Topics: Developer Forum, Project Management Forum, User Forum
Aug 20, 2009 at 3:21 AM

I used the lastest version source code. 

I wrote a multi-threading crawler using the APIs provided by this library. Well, I started to crawl the user information, including user's name,  user' photos and comments associated with each photo. The problem is the download speed. In one hour, I only crawled 20 users. Is that possible to speed it up?


I also found a suspicious bug which need to be confirmed. It happens several times in the file: LockFile.cs, line 54. It happens when I run two instances of the program.

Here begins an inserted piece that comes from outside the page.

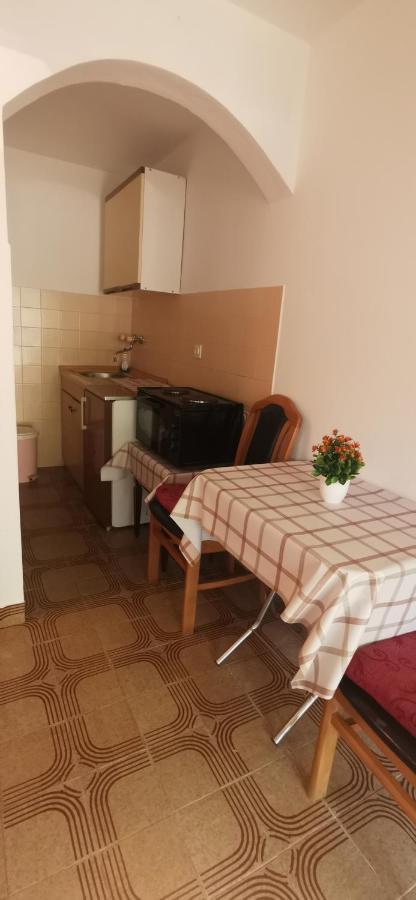 Sobe I Apartmani Marovic Petrovac Exterior photo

It seems like the "lock file" ( FlickrNet.lock ) is violated by multiple processes. Need more time to confirm in what condition this bug happens.

Aug 20, 2009 at 9:24 AM

On line 67 if you change int i = GenerateReallySlowInt(); to int i = ReallyQuickInt() then it will be much faster.

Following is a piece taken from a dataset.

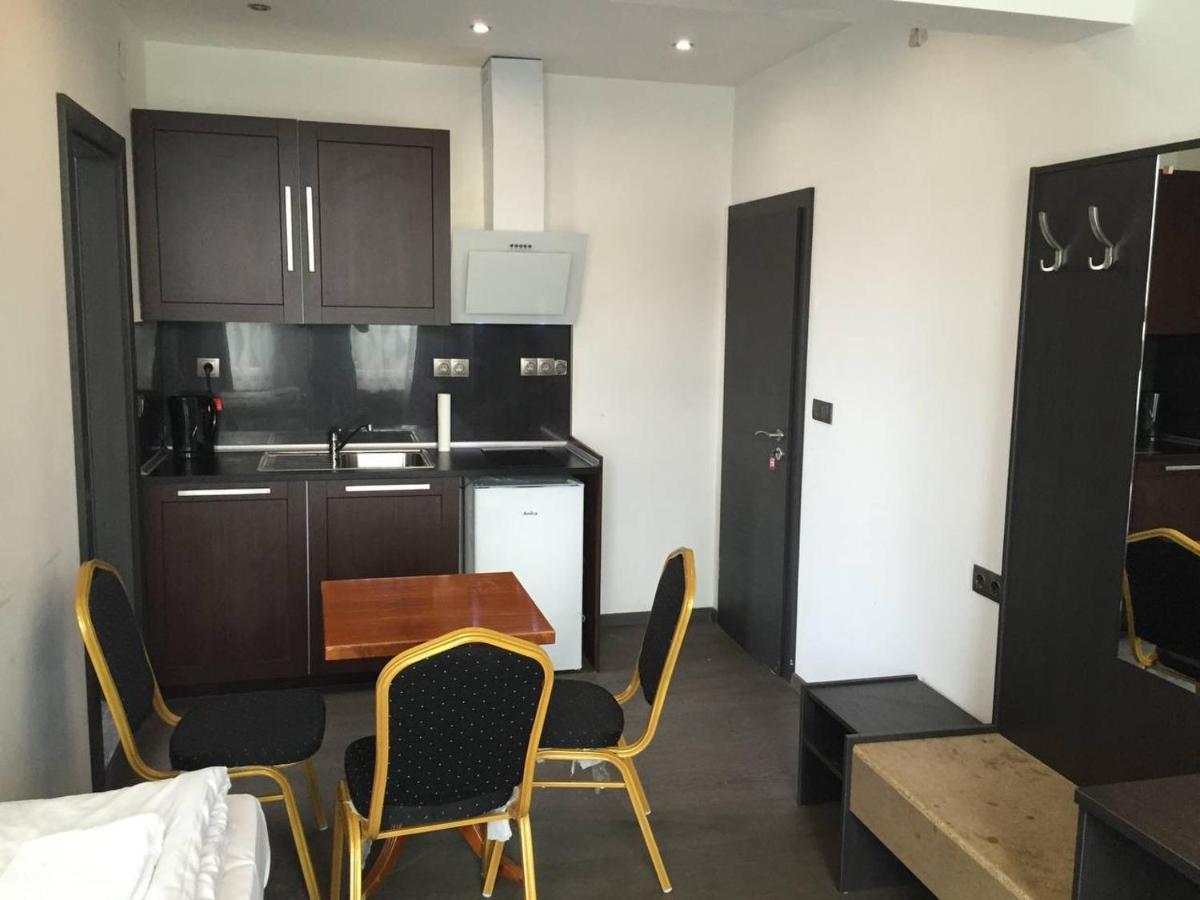 City Suite Apartments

But seriously, how am I meant to know when you don't tell us what you are doing? Which API methods are you calling? How many photos do these users have?

Generally trying to crawl the Flickr database as fast as you can is a good way to get you banned - 1 query per second is the general agree limit.


Aug 20, 2009 at 5:17 PM

Here is calling routines:

1. flickr.PeopleFindByUsername to get the user info

2. flickr.ContactsGetPublicList to get the contacts

3. flickr.PeopleGetPublicGroups to get the groups the user belongs to

4. flickr.PhotosSearch to retrieve the photos belong to this user

        4.1 flickr.TagsGetListPhoto to get the tags associated with this photo

        4.2 flickr.PhotosCommentsGetList to get the comments

Yeah, it's a good idea to wait for a short time between two queries.  Well, i also figured out that lots of people have as many as 3000 photos uploaded, probably that's why it takes a long time.

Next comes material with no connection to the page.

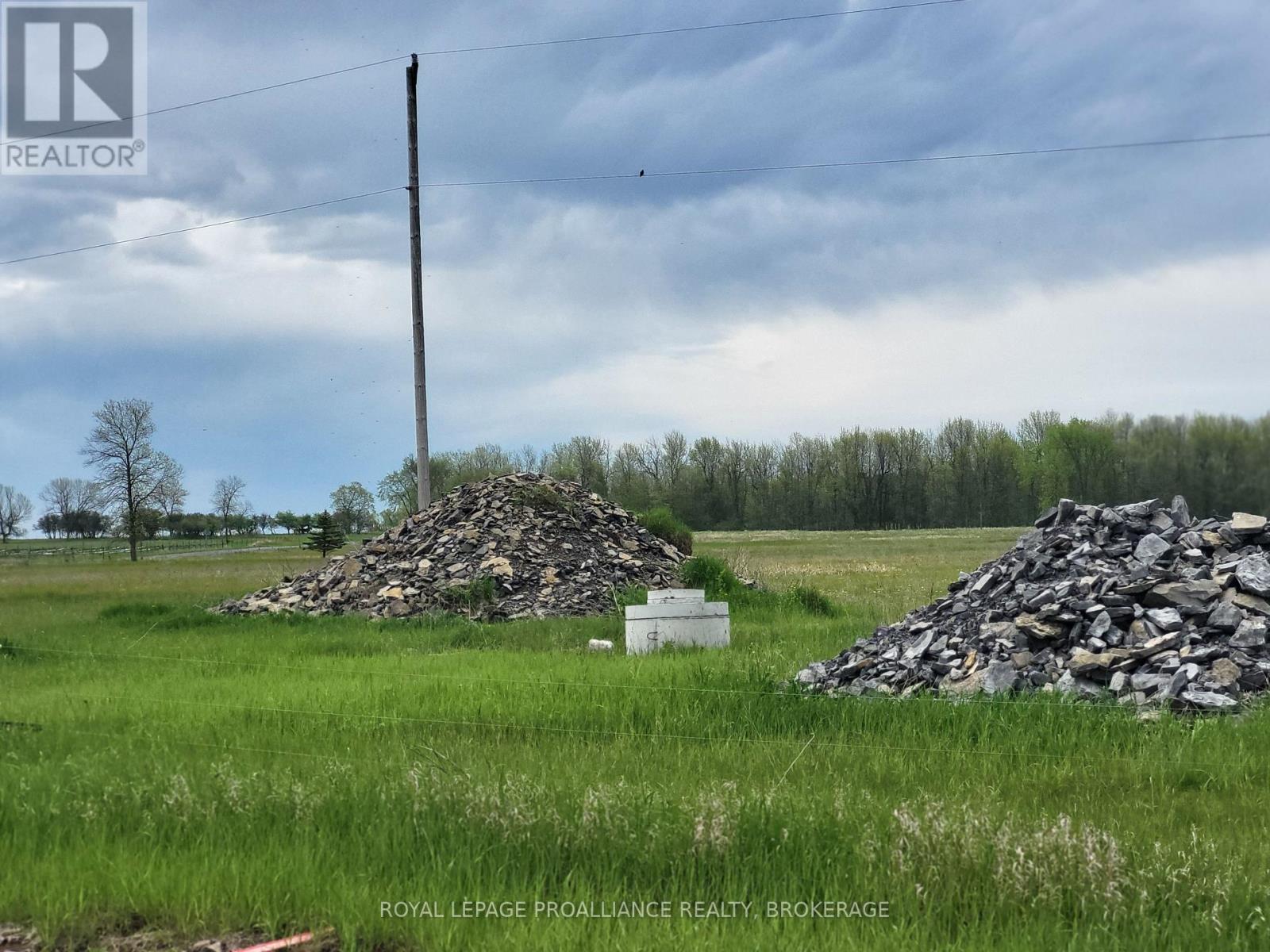 Lot 5 Front Road, Frontenac Islands, Ontario  K0H 2S0 - Photo 2 - X12168080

By the way, what you mean :

On line 67 if you change int i = GenerateReallySlowInt(); to int i = ReallyQuickInt() then it will be much faster.

I can't find the "GenerateReallySlowInt" function call in the whole project. I download the source code from this website and its version is 2.2.0, Released on Mar 10 2009.




Aug 20, 2009 at 8:48 PM

I also wonder is that possible to retrieve all the tags related to a person without iterating each photo. It seems that there are no such kina API.

Otherwise, I will have to put a limit on the number of photos to be crawled for each person.


Aug 21, 2009 at 12:48 PM

I was being sarcastic about the RealSlowInt() method - sorry, sarcasm obviously doesn't come across well in text.


If you pass PhotoSearchExtras.Tags in to the PhotosSearch method then you can get all the tags for each photo at the same time.

The slowest method there is probably going to be the PhotosCommentsGetList. I don't know what the purpose of your program is but think carefully if indeed you need to call this method in advance for all photos.